As many private healthcare practices work to compete against efficiencies in larger corporations, this patient experience is paramount. Patients are significantly more likely to be pleased with medical treatments and clinical outcomes also improve with treatment planning, or Shared Decision. Lindheim's study also noted that these patients opted for additional sessions, preventive visits, or lifestyle programs at a far greater rate (Lindheim et al., Patient Preference and Adherence, 2014). In the transition of private healthcare’s focus on patient experience and convenience, we are seeing surges in business models such as holistic care, with more specialties under one roof, aesthetic and standard medical care integrations, concierge care, direct primary care and more, leading to an inflated value of both treatment planning and advanced payment options.

Proposed Workflow Provides Transparency

As made clear from the prior two sections, patients share these benefits in a true system of reciprocity. With the proposed workflow, patients will have transparency without suffering from delayed care. Additionally, providers will be more likely to offer flexible payment options- ensuring care is more accessible. Statistics show us that the paid-up patient is the happy patient; those who understand balances are not receiving surprise bills, switching doctors, or neglecting the care they need- they are coming back and bolstering the entire healthcare system in doing so.

Technology plays a key role in this recommended implementation. Advancing technology has brought us to the forefront of laser-accurate eligibility verification capabilities. The thinking behind sending a GFE to payers to then generate an AEOB is to ensure accuracy. With this technology, inserting this level of bureaucracy between providers and patients is not only unnecessary, but extremely costly to all parties. Using AI, ERAs are being scanned in real time to both train models on a macro scale on payer tendencies, but also on practice-specific schedules of fees. This allows real-time adaptation and accuracy beyond what legacy systems or even phone calls to the payers could often yield previously.

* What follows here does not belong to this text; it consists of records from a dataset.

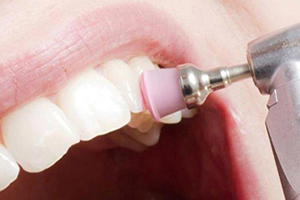 بروساژ دندان چیست؟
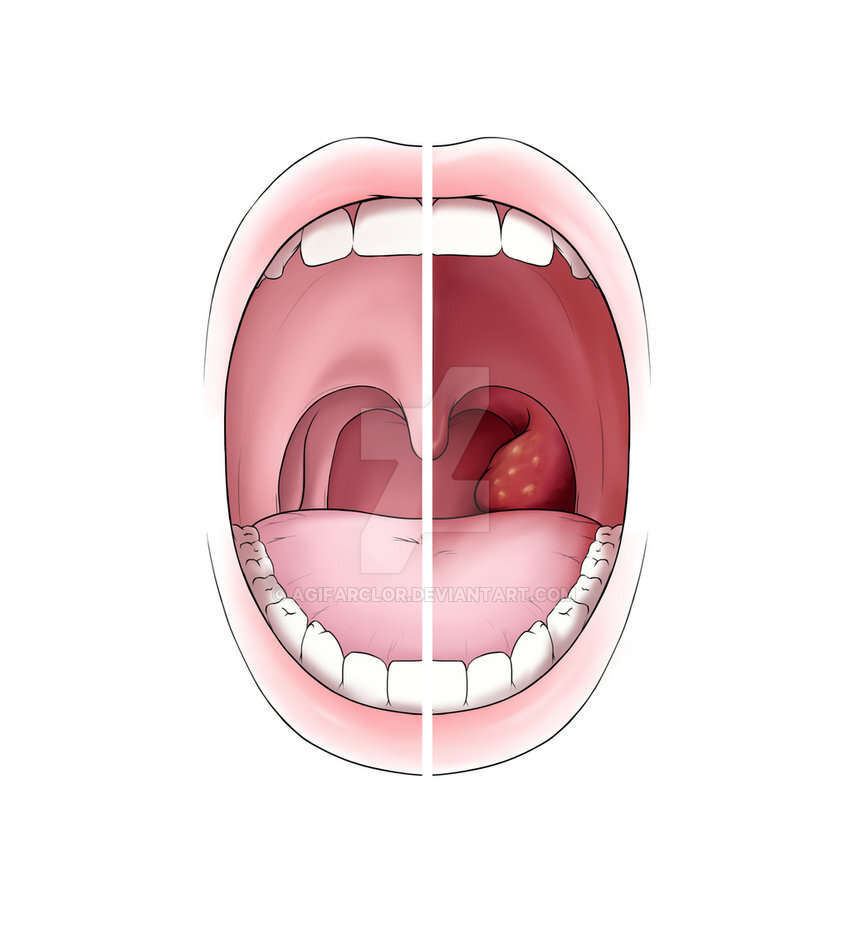 Ангина небных миндалин. Небные миндалины тонзиллит. Гнойная ангина тонзиллит. Бактериальный тонзиллит на миндалинах.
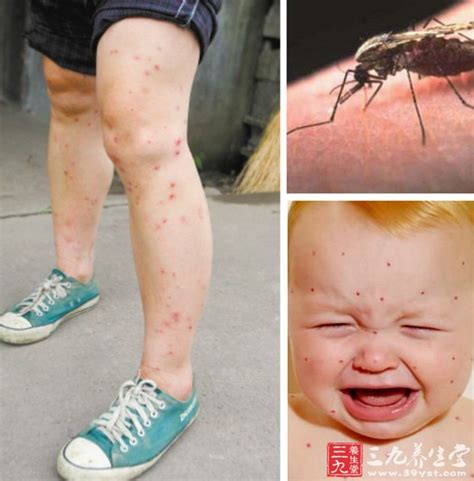 皮肤蚊虫叮咬过敏症状,蚊虫叮咬皮肤(第2页)_大山谷图库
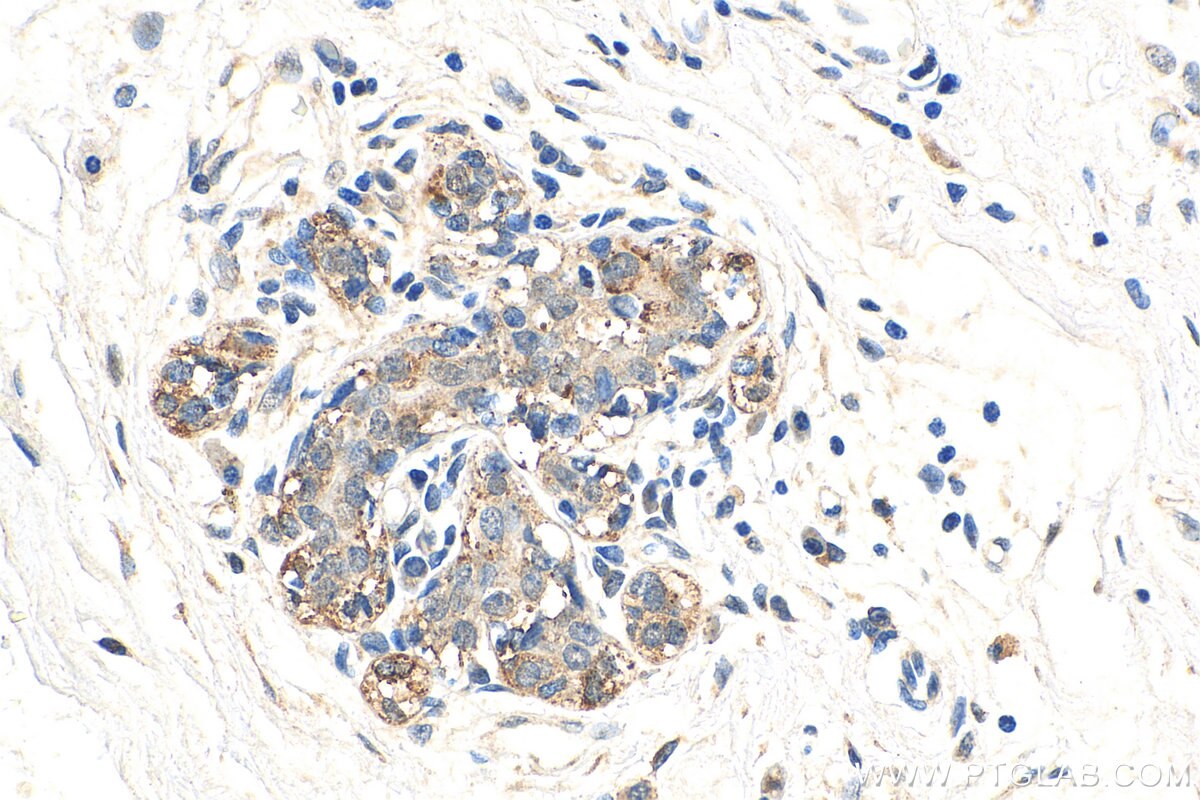 Immunohistochemistry (IHC) staining of human breast cancer tissue using APPBP2 Polyclonal antibody (12409-1-AP)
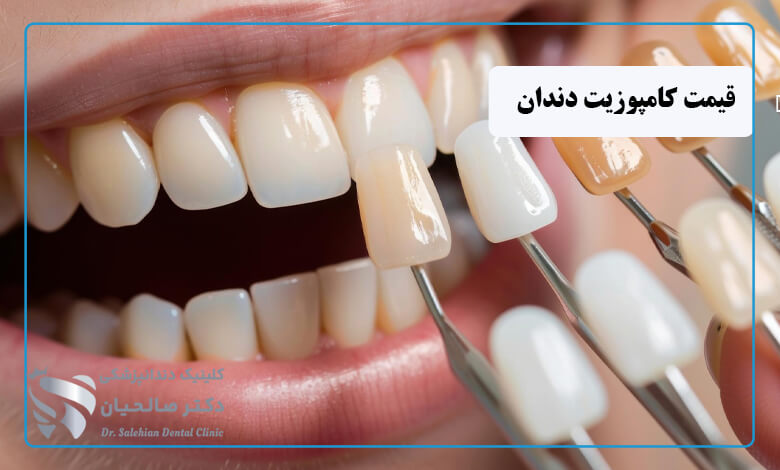قیمت کامپوزیت دندان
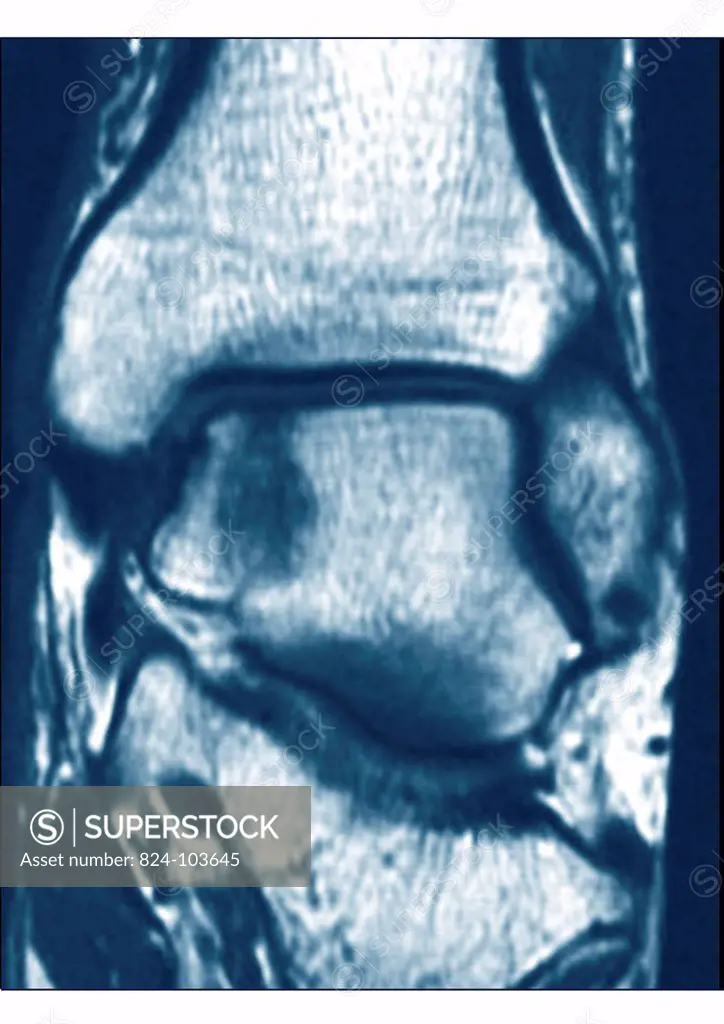 This frontal MRI image of the right ankle reveals an osteochondritis of the astragalus.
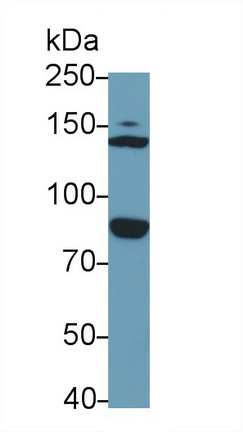 Polyclonal Antibody to Erythrocyte Membrane Protein Band 4.1 (EPB41)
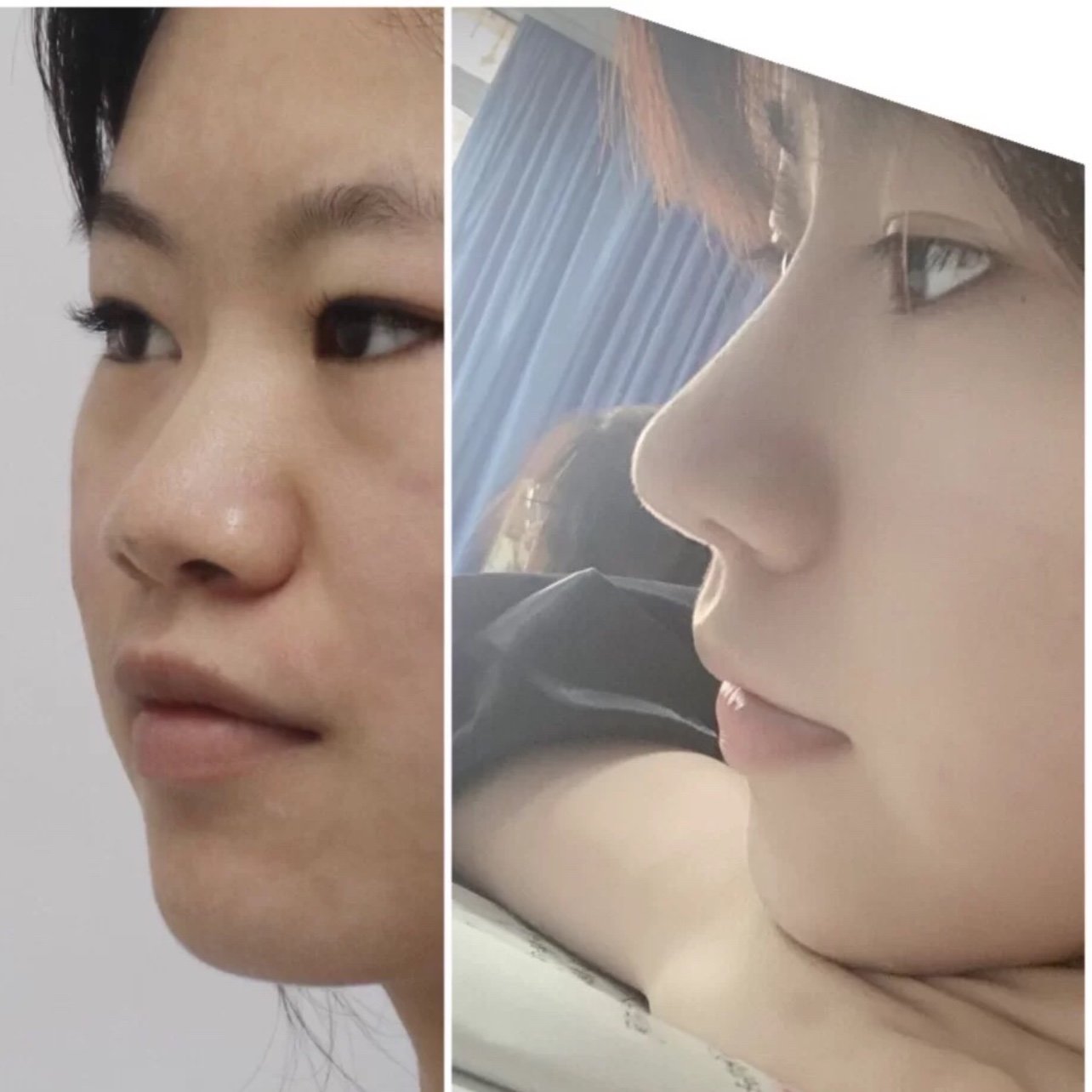 隆鼻 鼻基底,除了鼻子好看了之外,意外收获是嘴凸现_圈子-新氧美容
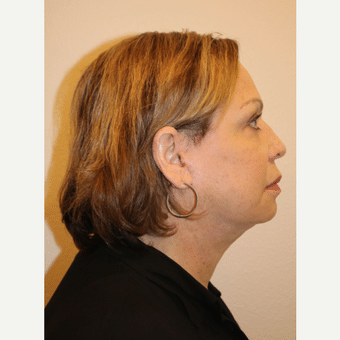After Image: Facelift - right-side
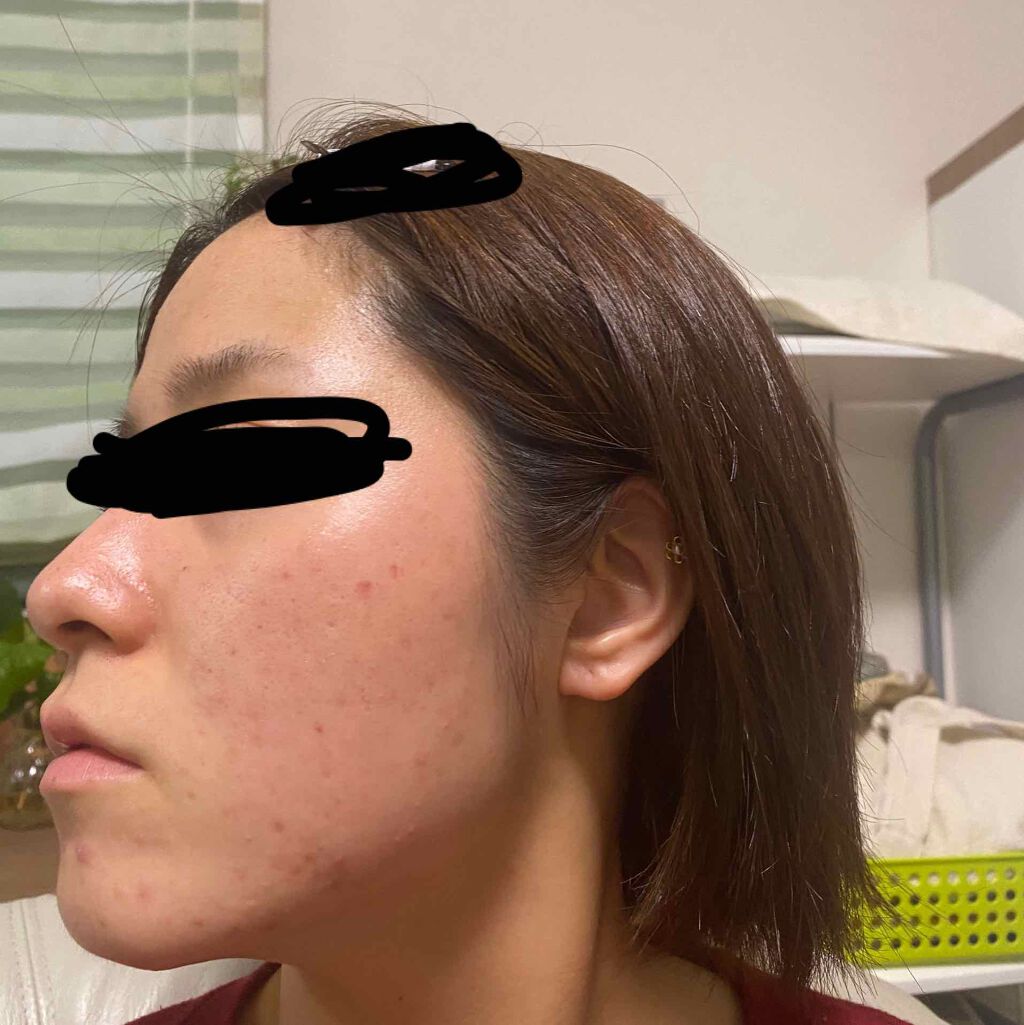 ルルルンプレシャス RED(モイスト)【旧】/ルルルン/シートマスク・パックを使ったクチコミ(3枚目)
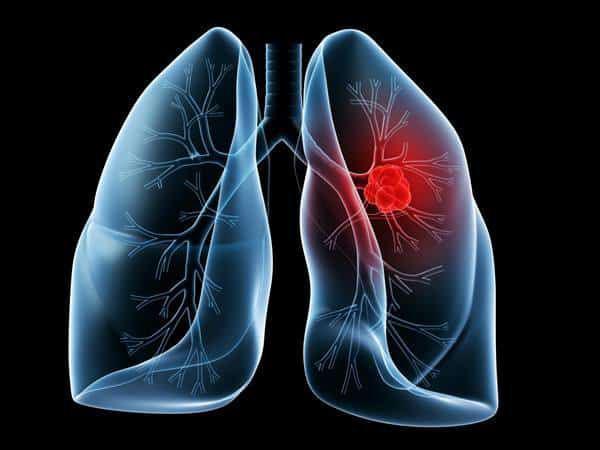 肺癌出现胸腔积液，除了放化疗，还能怎么办？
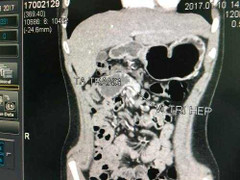 Đau bụng dữ dội, bé trai 12 tuổi nhập viện vì bệnh lạ hiếm gặp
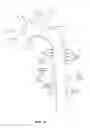 Fig. 02 - Implant for aortic dissection and methods of use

Allowing providers to own this process will necessitate an adoption of these technologies, which will lead to more accuracy, happier patients, and less bad debt for providers. Given the current landscape of rising bad debt and growing patient financial responsibility, providers will be strongly incentivized to adopt modern technologies within this approach. As a result, the industry will progress rather than remain constrained by the proposed CMS framework.

In summary, with the streamlined implementation described, advancing technology, treatment planning, and flexible payment options, providers, payers, and patients alike can declare victory. Advanced payment options will be a huge piece of this puzzle, making it imperative to empower patients with choices: paying their portion today, applying for financing, setting up an in-house payment plan, or securely guaranteeing balances on an encrypted credit card. In doing so, the healthcare industry can take another perceived stretch of red tape and turn it into a catalyst for much-needed change. GFEs are required in both medical and dental specialties - and although dentists hold a slight edge - mandatory disclosures, eligibility technology and widespread adoptions of flexible, friction-free payment capabilities are necessities across healthcare. In this environment of rising costs and increasing billing costs and bad debt, increasing frequency of payment and planning at the time of treatment is exactly the cure-all healthcare needs.